Wednesday, August 25, 2010

The [Mis]Adventures of Asians and Underwear

First off, let me apologize for the tremendous lack of posts in the last couple weeks -- I keep sitting down to write one, then get distracted. You know how it is living and working on the other side of the world.....sometimes you gotta live it rather than write about it.


I honestly haven't written in so long, I don't know where to start. How bout I start with these last couple days of teaching and work my way back to Thai culture in general (and how it pertains to me specifically).

Today we had a test -- no, more like a quiz -- in the vocabulary we've been studying these last couple weeks. I teach 8th graders, and in many ways these kids are much like typical 8th graders in the states.
In fact, in my first class of the day, a couple boys showed their true age when in the middle of the 5-minute journal writing time, I look up and see a boy with grey underwear on his head. And I'm not talking laying neatly on the top of his head -- it is pulled down like a bonnet. I laughed and asked him why his underwear is on his head instead of in his pants. All the boys are laughing at this point too, and the boy says that they aren't his. When I ask why he has someone else's underpants are on his head he points to the boy behind him and says that he got it from him. So I question the 2nd boy why he's giving his underwear away and if they're clean. He could barely breathe, he's laughing so hard, but he says that he took them from another boy's locker so he wouldn't have clean underwear to put on after gym class.

Mature? I think not.
Hilarious? Most definitely.
About 20 minutes later, the same two boys are arguing over who is more Asian.
THEY ARE BOTH FULL-BLOODED ASIAN.
Underwear-boy says he looks more Asian because he's more tan and his eyes squint more since he's Korean. Underwear-stealer said that he is more Asian because he's more culturally aquainted with Asian culture being Chinese by birth, but Thai by culture.
To break the tie, and based solely on appearances, I had to bestow the honor of "looking more Asian" to Underwear-boy. (Fun fact: 'bestow' was one of our vocab words on the quiz today.)
I thoroughly stumped the class though when I said, "I bet you didn't know I was Asian too."
The class had the automatic response of, "Whaa.....??"
"What did you think I was?" I said.
Underwear-boy says, "I thought you were Mexican."
Underwear-stealer pipes in with, "Yeah, or at least Latin-blooded." (Latin-blooded?)
Good grief. I'm not even recognized by my own kind. And worse, not accepted as such. Even the other halfsie (half-and-half) in the class who doesn't have the Thai features but the Thai skin tone is seen as more Thai than anything else.

***

How can I universally be seen as Mexican?? We don't even have Mexicans here to compare me with.
But anyway.....These 8th graders who can be so childish and act their age one minute can turn around and act like the academically-crazed Asians that we all know and love. With even the mention of the test, they ask a million questions about how many questions their are, is it multiple choice, will we need to spell out the word, if we get just part of the question wrong is it only half a point, do we need to know the parts of speech....and on and on and on.
I hadn't even handed out the quiz at that point.

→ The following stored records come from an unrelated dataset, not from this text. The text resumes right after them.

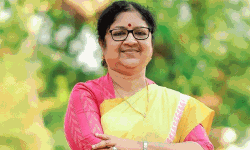 വസ്ത്രധാരണത്തിലെ വിവേചനപരമായ അവസ്ഥ ഇല്ലാതാവണം: മന്ത്രി ആര് ബിന്ദു വസ്ത്രധാരണത്തിലെ വിവേചനപരമായ അവസ്ഥ ഇല്ലാതാവണം: മന്ത്രി ആര് ബിന്ദു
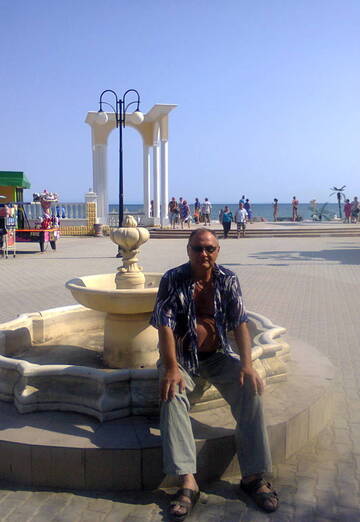 Моя фотография - Валерий, 68 из Днепр (@valeriy20148)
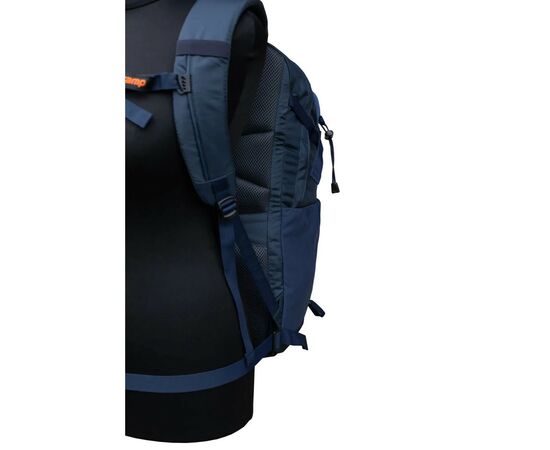 Рюкзак туристический Tramp Ivar 30л Blue (UTRP-051-blue), изображение 6 Рюкзак туристический Tramp Ivar 30л Blue (UTRP-051-blue), изображение 6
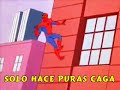 SPIDERMAN - ESPA�OL (capitulo 2)
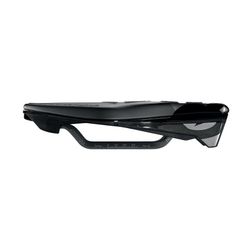🚴‍♂️ Sillín Prologo T-Gale CPC Nack TT Negro/Gris Máximo Rendimiento, Agarre y Confort para MTB y E-Bike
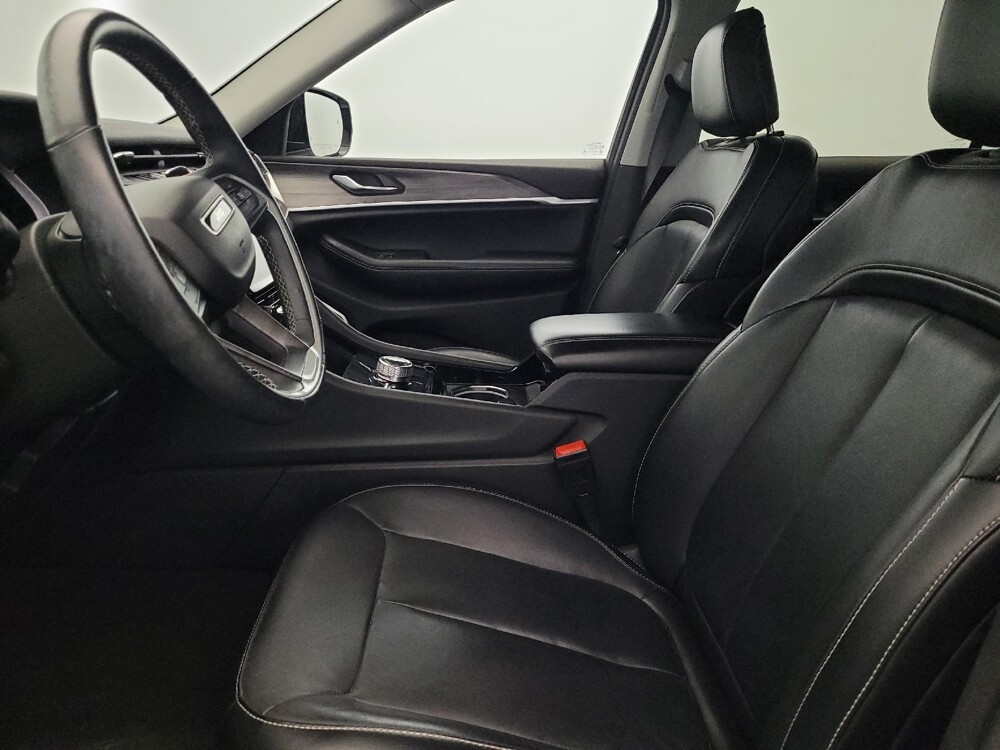 2021 Jeep Grand Cherokee L in New Castle, DE 19720 - 18132829 17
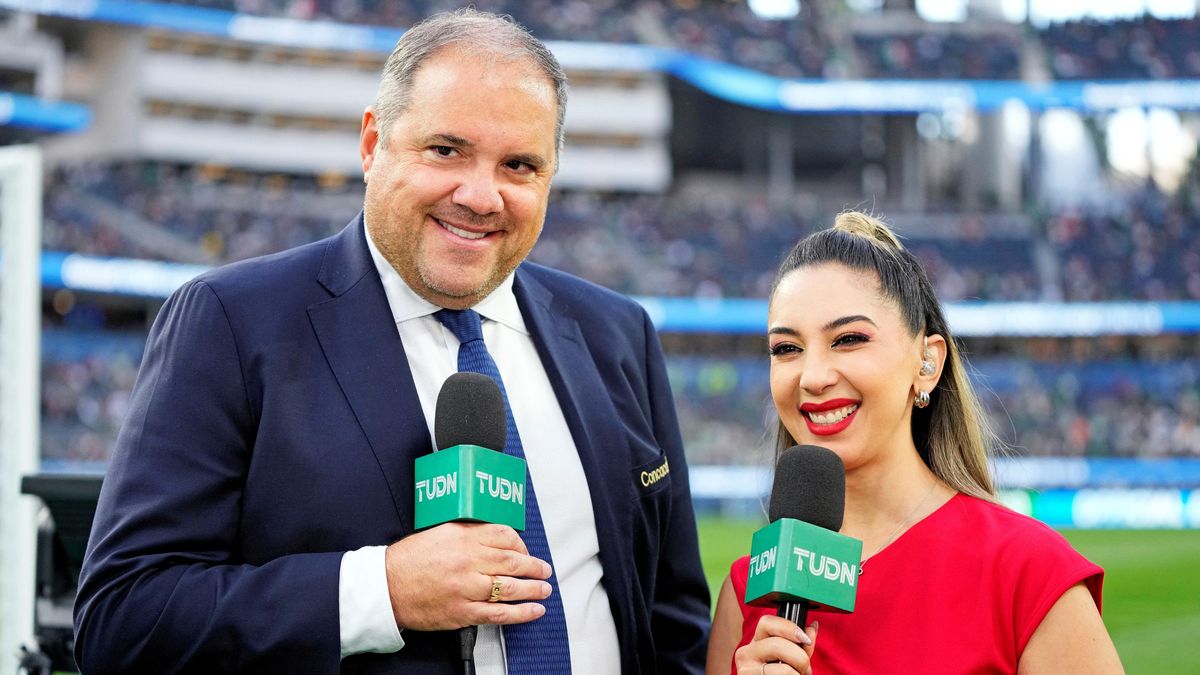 Nápad na fotbalové MS s 64 účastníky se nelíbí ani konfederaci CONCACAF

These kids worry too much. Just do your best. Don't be stupid. Sound out the words. Remember what we've been doing for two weeks. You look like you're about to have a panic attack, and we haven't even started yet. Do you need to lie down for a minute? Smelling salts? (yes, they carry these with them).


Somehow it took over ten minutes to explain the very simple instructions. How can this be difficult?
1. Write the word down as I say it it.
2. Write the POS (part of speech) that it is.
3. Define the word, making sure it still coincides with the POS.
4. Fill in the blank with the correct vocab word.
5. Extra credit available if you want.
Seriously, they needed to know every possible hypothetical situation imaginable. It's students on academic steriods.
They didn't do as bad as they thought. Then again, I haven't exactly graded the quizzes yet. But after they were done, they said it was easy. That better mean they got 100%.